## Mediation: Psychological Need Satisfaction → Epistemic Trust → Global AI Acceptance

We next test whether global psychological need satisfaction (TENS_Life_mean) is associated with
overall acceptance of AI mental-health technologies (UTAUT_AI_mean) indirectly through epistemic
trust in mental health technologies (ET_mean), while accounting for demographics, symptoms, stigma,
general AI attitudes, culture, and sample type.

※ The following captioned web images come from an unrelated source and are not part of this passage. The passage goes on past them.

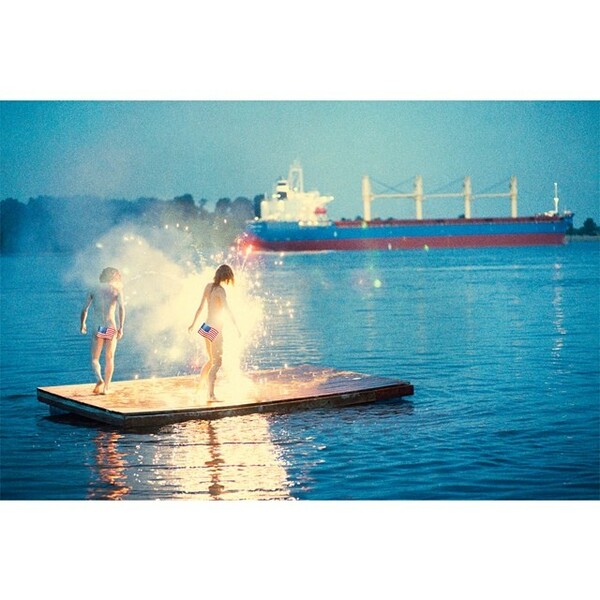 Στον επίγειο παράδεισο του Ryan McGinley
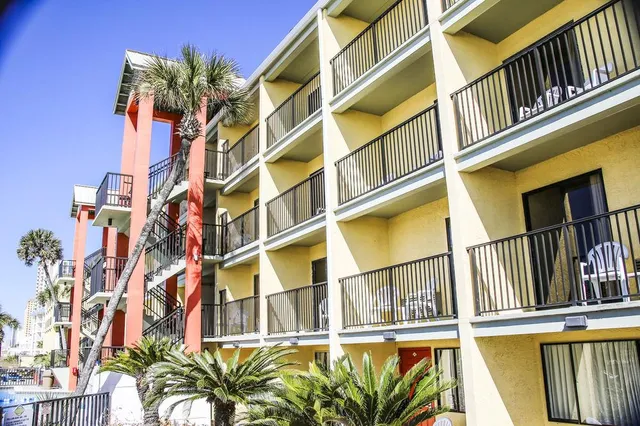 Ramada by Wyndham Panama City Beach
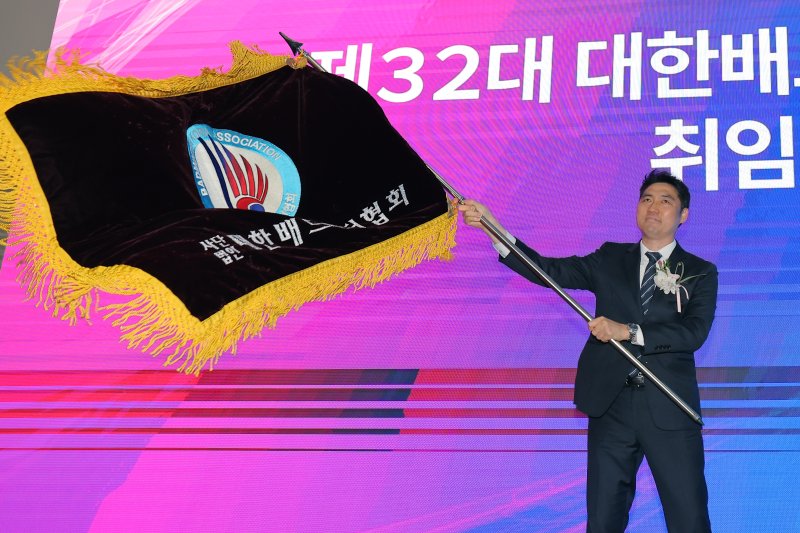 김동문 대한배드민턴협회장이 21일 오후 서울 송파구 올림픽파크텔 올림피아홀에서 열린 대한배드민턴협회 제32대 회장 취임식에서 전달받은 협회기를 흔들고 있다. 2025.4.21/뉴스1 ⓒ News1 박정호 기자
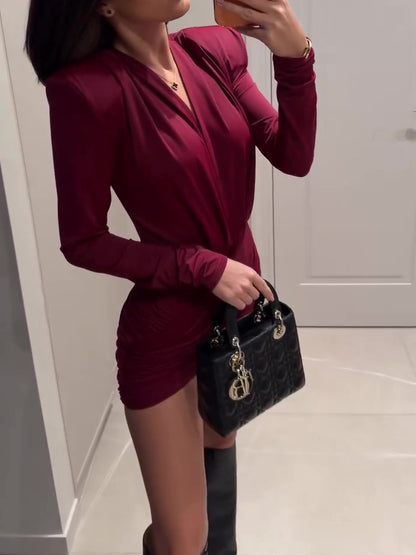 Well Tailored Dress with a Graceful Silhouette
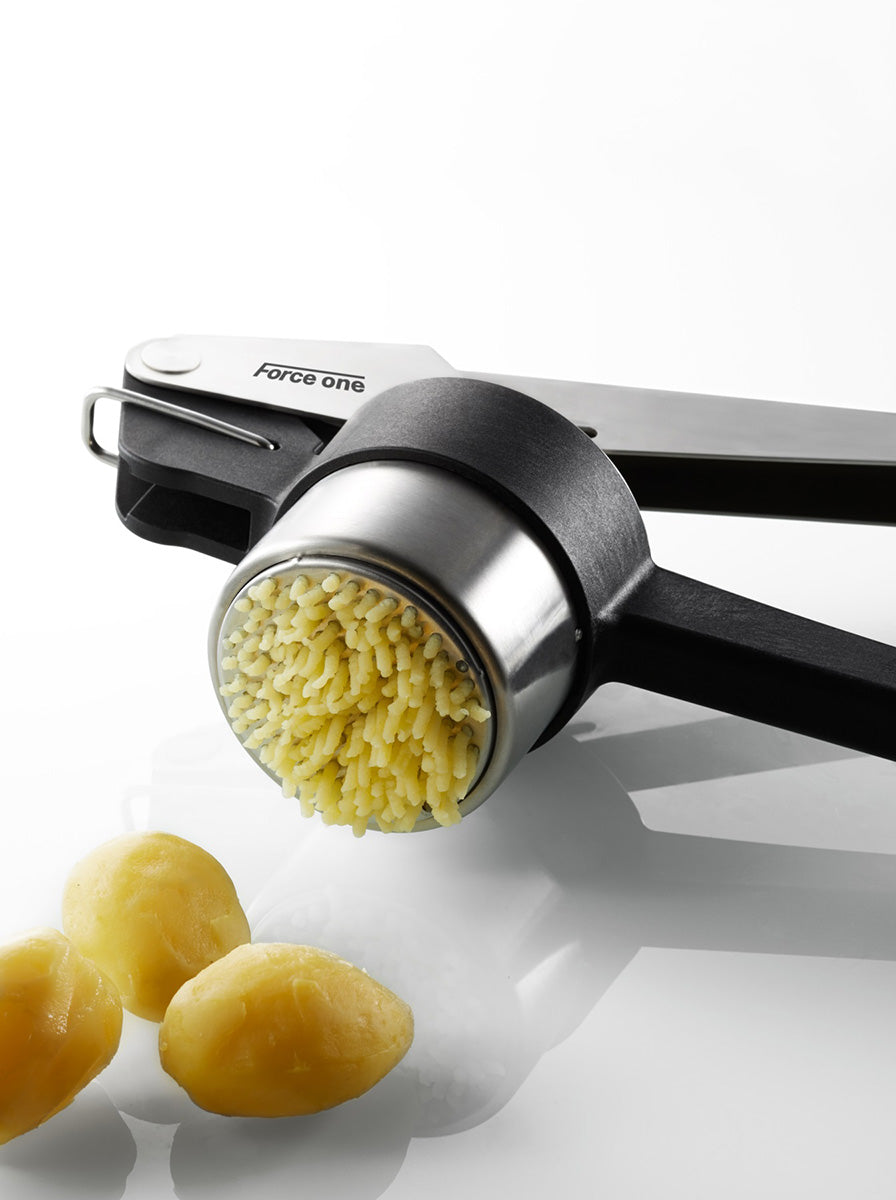 La pressa FORCE ONE® è stata progettata per preparare la pasta Spätzle, il purè di patate o castagne o il succo fresco. manici extra lunghi. Dimensioni: L 36,5 cm, P 13,0 cm, H 9,1 cm acciaio inossidabile/nylon di alta qualità lavabile in lavastoviglie. In negozio e online su tutttochic.it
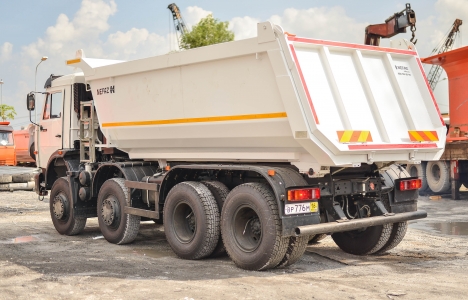 Xe Ben Kamaz 65115(6X4), Thùng Oval 10M3 - Euro 3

Conceptually, this section evaluates a mediation pathway:

- **Predictor (X):** TENS_Life_mean_c – centered Self-Determination (need satisfaction in life)
- **Mediator (M):** ET_mean_c – centered epistemic trust in mental health technologies
- **Outcome (Y):** UTAUT_AI_mean – global AI acceptance for mental health interventions

We estimate:

1. **Path a:** X → M (Does need satisfaction relate to epistemic trust, net of covariates?)
2. **Paths b and c′:** M and X → Y (Does epistemic trust predict AI acceptance after accounting
   for need satisfaction, and is the direct effect of need satisfaction on AI acceptance still
   non-zero?)
3. **Indirect effect (a × b):** The product of a and b, with a non-parametric bootstrap to obtain a
   confidence interval for the mediated effect.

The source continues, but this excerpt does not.